- Location: Algoma District and Sudbury District, Ontario
- Coordinates: 48°29′01″N 82°56′40″W﻿ / ﻿48.48361°N 82.94444°W
- Part of: James Bay drainage basin
- Primary inflows: Chapleau River
- Primary outflows: Kapuskasing River
- Basin countries: Canada
- Max. length: 13 kilometres (8.1 mi)
- Max. width: 4 kilometres (2.5 mi)
- Surface elevation: 312 metres (1,024 ft)

= Kapuskasing Lake =

Lake in northeastern Ontario, Canada

Kapuskasing Lake is a lake in Algoma District and Sudbury District in northeastern Ontario, Canada. It is in the James Bay drainage basin and is the source of the Kapuskasing River. The majority of the lake is in geographic Kapuskasing Township, Algoma District, with just the southern tip in geographic Sherlock Township, Sudbury District.

The primary inflow at the southwest is the Chapleau River. The primary outflow is the Kapuskasing River at the northeast, of which the lake is the source. The Kapuskasing River flows via the Mattagami River and the Moose River to James Bay.

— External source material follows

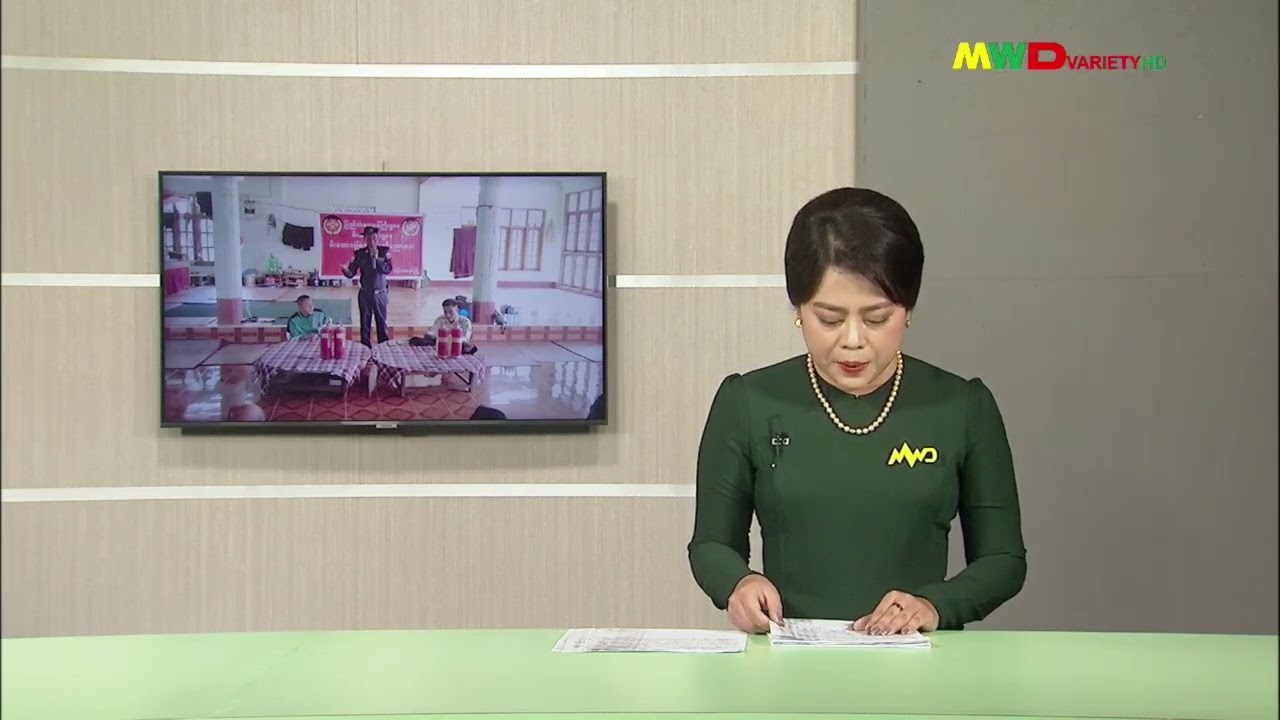 ထိန်ကုလားကုန်းကျေးရွာရှိ ချမ်းမြေ့ရတနာဘုန်းတော်ကျောင်း၌ ကျေးရွာအခြေပြုမီးဘေးလုံခြုံရေး ဟောပြောခြင်း.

The settlement of Elsas is at the northern end of the lake, and the railway point of Agate is just northwest of the lake. Both settlements are on the Canadian National Railway transcontinental railway main line, completed in 1915 as the Canadian Northern Railway, which follows the northern shore of the lake. The line is served by Via Rail transcontinental Canadian trains which stop at Elsas railway station.